When are we going to admit our foreign policy's culpability (since the end of WWI) in the formation of virulent anti-US sentiment among the Mohammedan hordes?

Perhaps instead of asserting our wisdom and magnanimity with the creation of "pro-western democracies" around the world, we should keep our nose out of other peoples business.

Ron: Educate yourself
I'm not going to rebut every point of your post but a few biggies:

1) We didn't empower the creation of the Bolshevik regime, the Tsar did that himself by going off to the front, generally seeming out of touch, getting millions killed because of treaty obligations to France, Rasputin, etc.

2) Wilson didn't "set up the Treaty of Versailles," that's just plain ignorant. The US refused to ratify or support the treaty and objected to much of it, predicting the result would be another war (you got that part right.)

3) Our foreign policy of supporting innocent people whether they be Christian or Muslim really ought not earn us the sort of anti-US sentiment YOU expressed. I assume you really refer to the creation of Israel, the historic Jewish homeland. Why shouldn't Jews be there? You think that place which is the location of the First Temple and all the other Jewish and Christian holy places, the birthplace of Jesus, etc, was always Muslim?
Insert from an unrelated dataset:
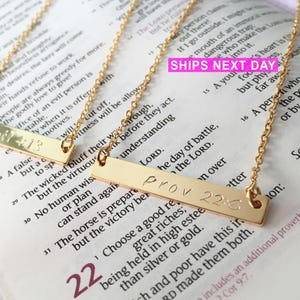Personalized Gold Bar Necklace, Engraved Bible Verse, Religious Gift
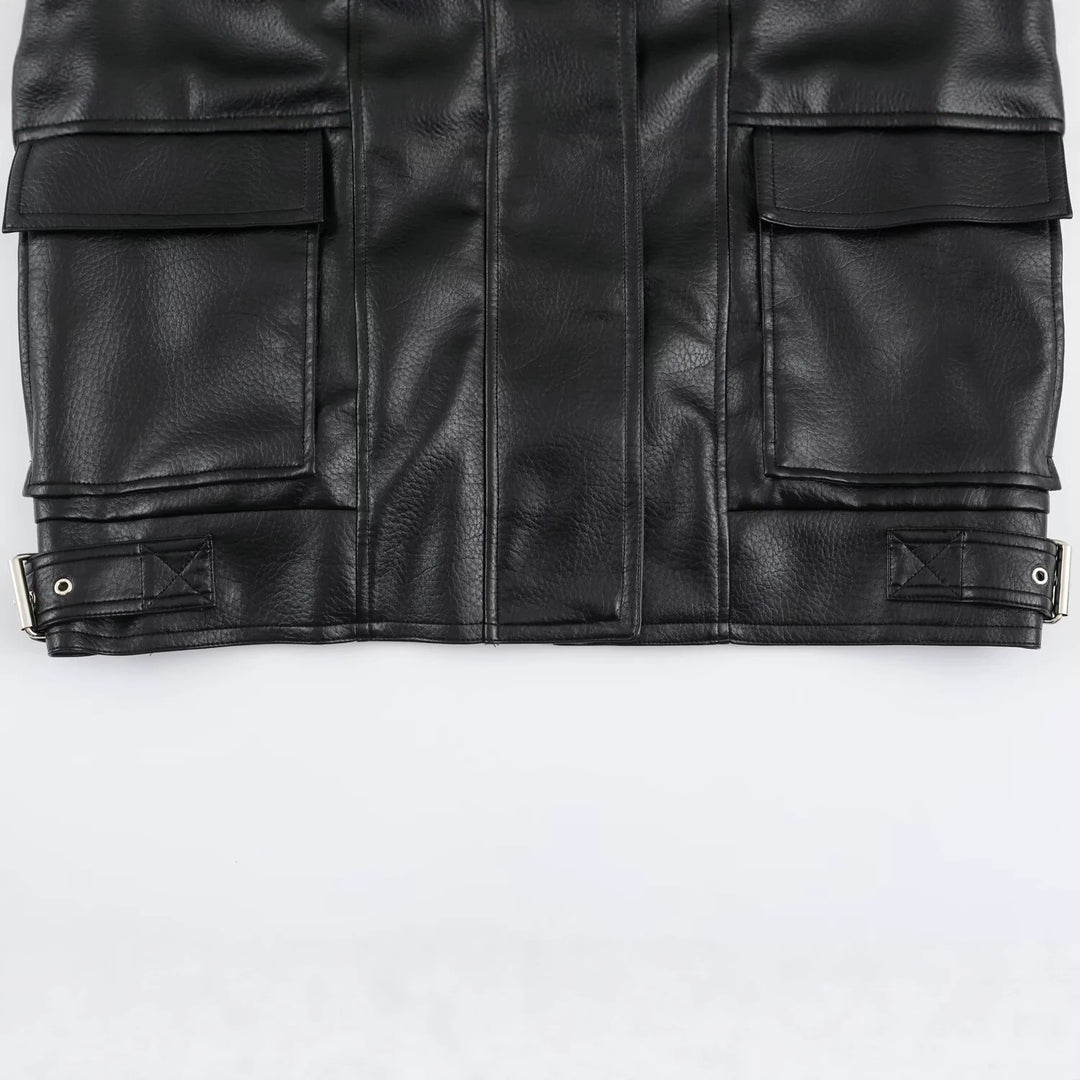 Damen Oversized Kunstlederjacke mit hohem Funnelkragen und aufgesetzten Taschen Shop Nory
4) When a country supports terrorism against us, that sort of makes it our business. Are you French by any chance?

Solzhenitsyn
As an ardent reader of all things Solzhenitsynesque I deplore you lumping him either Thatcher or Reagan.
When Solzhenitsyn arrived in the States after being made Stateless he did so against his will. Upon arrival he promptly became an ardent critic of Western weakness and indifferance with at least the same vehemance he used against the USSR.
Read his Nobel acceptance speech "One Word of Truth" and stop using this great man who was a most passionate Russian patriot, as some kind of foil against a Putin and Medved he probably supported, after all both Putin and Medved went to his funeral and were welcomed by his wife and sons.